それは珍しいことだった。私には友人らしい友人はいない。一人が好きというより、一人でいることが気にならなかったし、別段クラスメイトに嫌われていたわけでもなかったから、相手を必要とする授業でペアが見つからずに困ることもなかった。
私の周りにはいつも誰かがいる。だから、寂しいなんてことはない。その代わり、私に関わろうとする人もいない。
言うなれば、街にいる通行人。高校生活における私の立場はそのようなものだろう。だから、妙な騒動とはこの三年間、無縁に過ごしてきた。
「ねぇ、佐鳥さん。隣のクラスの安原くんが、佐鳥さんが俺に告白してきたって、みんなに言い振らしてるらしいよ。本当なの?」
名前も知らないクラスメイトの女子は、驚くようなことを私に言った。わずかに私も目を見開いたのだろう。彼女は、やっぱりね、と首をすくめる。
何がやっぱりなのだろう。私が安原という男子に好意がないと気づいていた、ということだろうか。
「佐鳥さんが安原くんを相手にするわけないよね? 佐鳥さんは佐鳥姫だもん。同級生の男子なんて興味ないよね」
返す言葉が見つからなくて、私は無言でいた。
私が佐鳥姫と呼ばれていることは知っていた。それを不快に思ったことはないが、その響きがなぜだか特別視を匂わせるから戸惑っている。
生い立ちを誰にも話したことがないのに、クラスメイトは勝手なイメージを先行させて、私という人物を創造してしまっている。

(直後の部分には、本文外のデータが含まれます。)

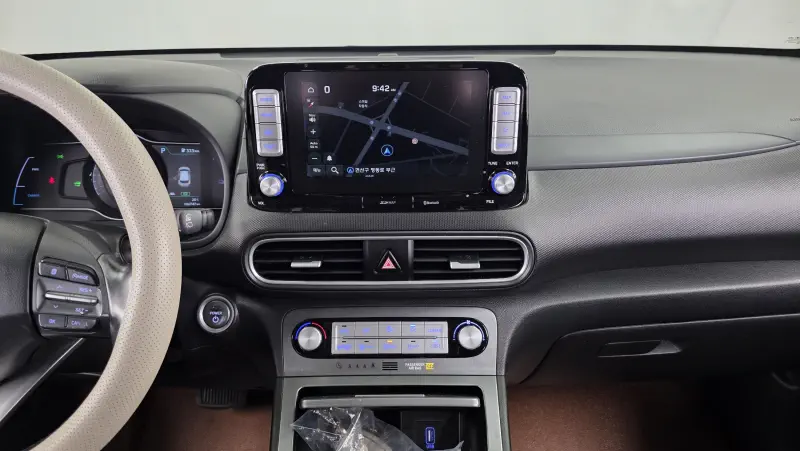 Hyundai Kona Electric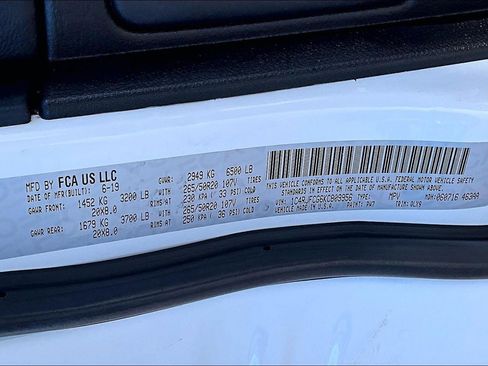 Used 2019 Jeep Grand Cherokee High Altitude image 19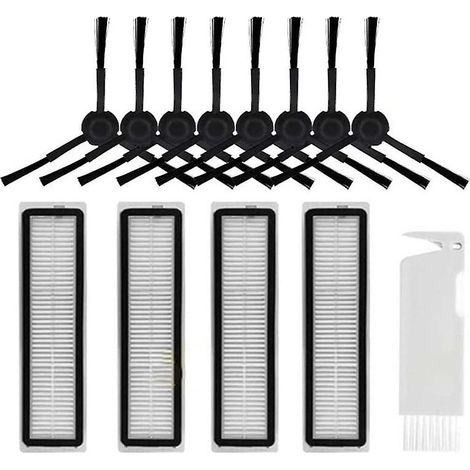 Kompatibel mit Zubehör für Dreame Bot L10 Pro D9 Staubsauger (1/4)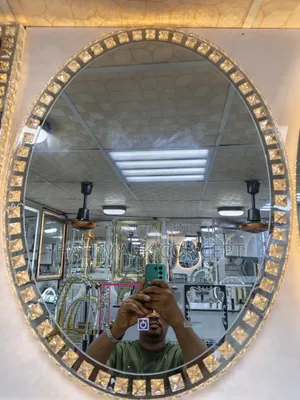 Crystal Led Mirrors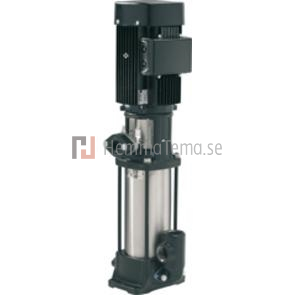 Ejektorpumpar CR DW, Grundfos Fabriksbet. / Märkström: CR 5–9 DW / 3,2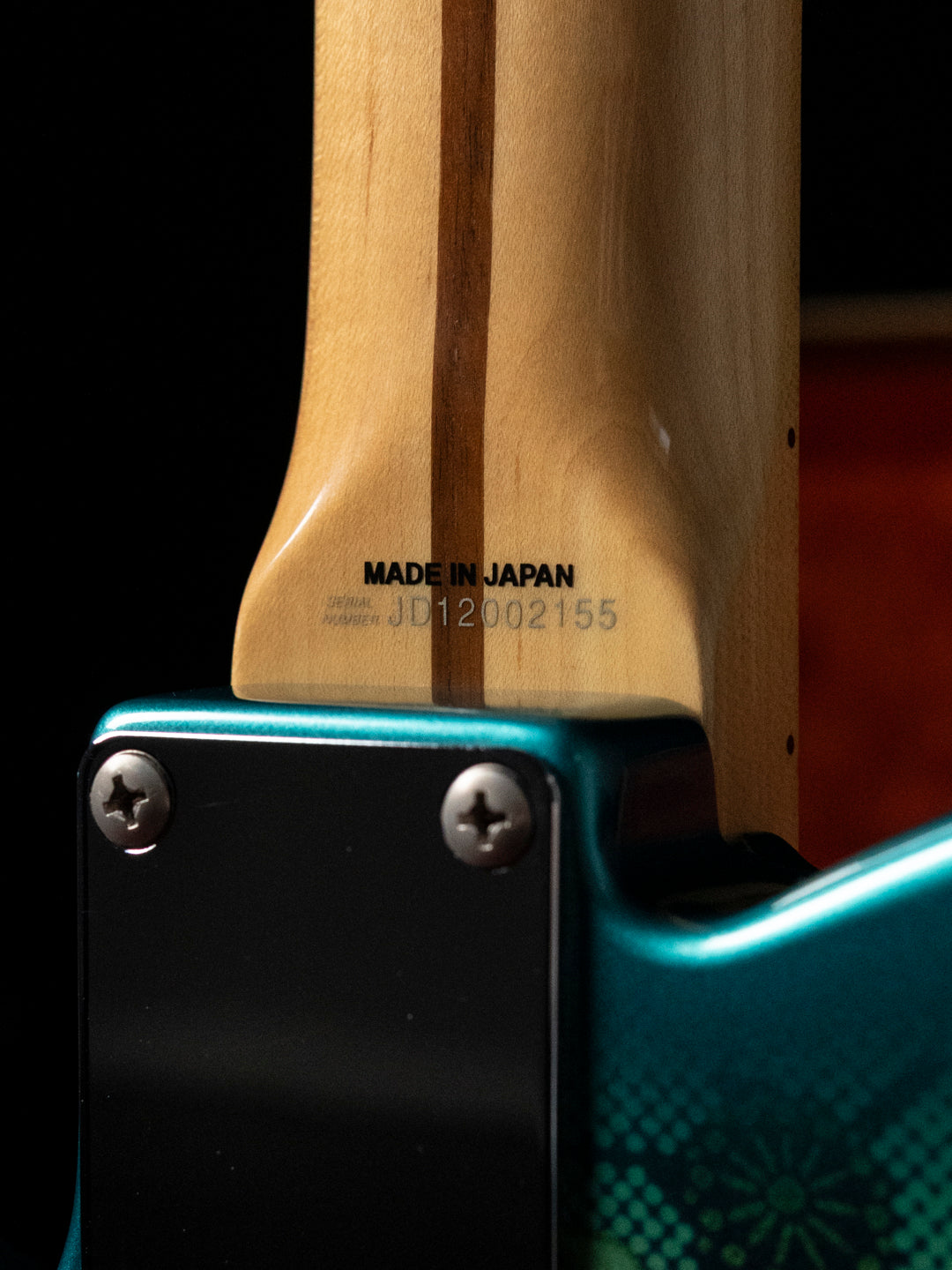 2012 Fender TL69-SPL JBL, 30th Anniversary, '69 Telecaster, Japanese Blue Floral Paisley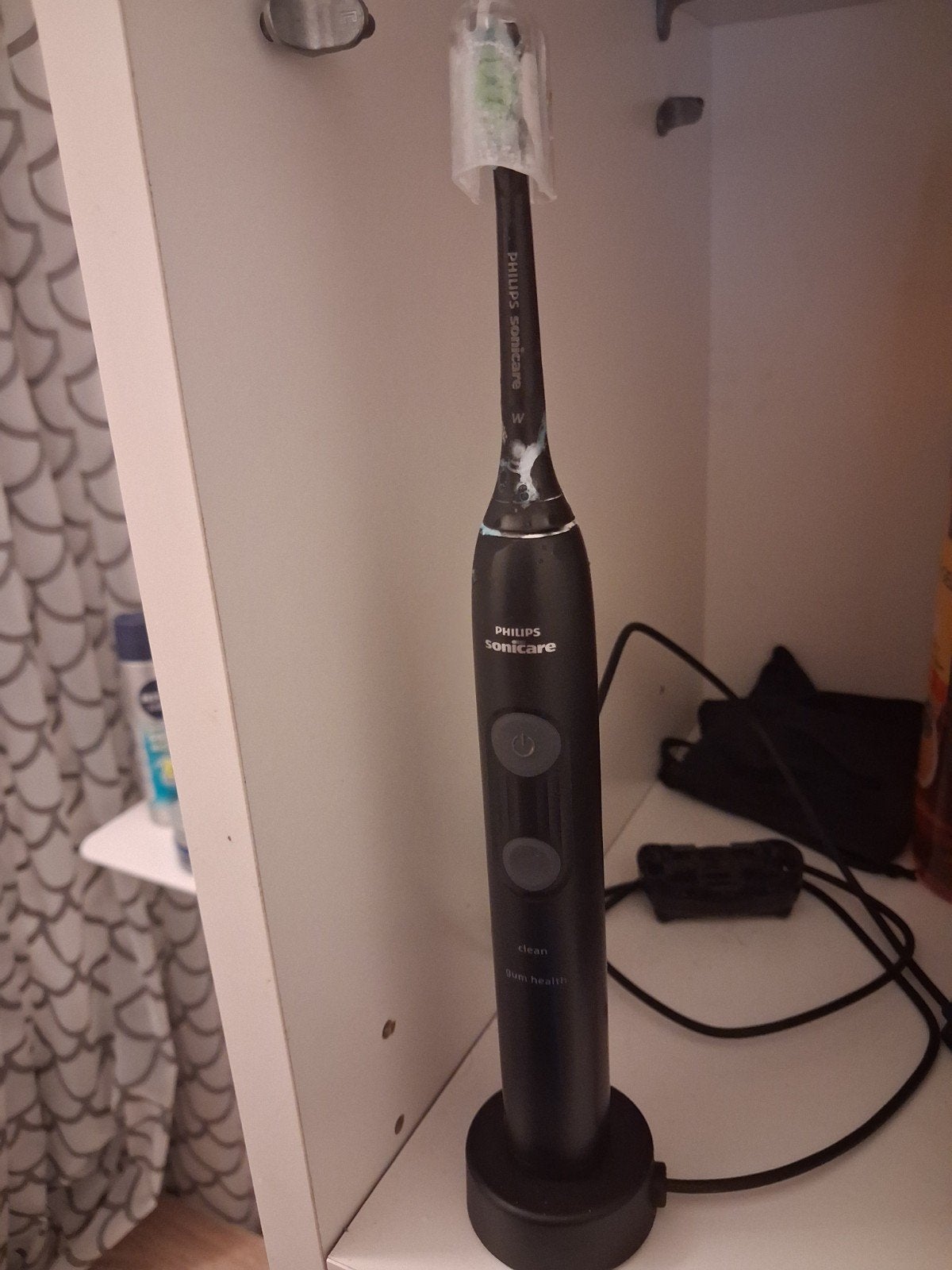 Philips Sonicare elektrische tandenborstel, Ophalen of Verzenden, Gebruikt, Mondverzorging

「だって佐鳥さん、すごい美人だもん。本当に同い年? ってぐらい落ち着いてるし。恋愛に興味なんてなさそう。ううん、あっても同級生の男子じゃ、物足りないよねー」
クラスメイトの女子は悪気なくそう言う。
そんなことはない。否定しようとしたがやめた。私の恋心は過去のもので、今は好きな人などいないのだから。
「ところで、安原くんって誰?」
それを知らないことには話にならないと、そう切り出すと、クラスメイトの女子は目をまん丸にしてお腹を抱えて笑い出した。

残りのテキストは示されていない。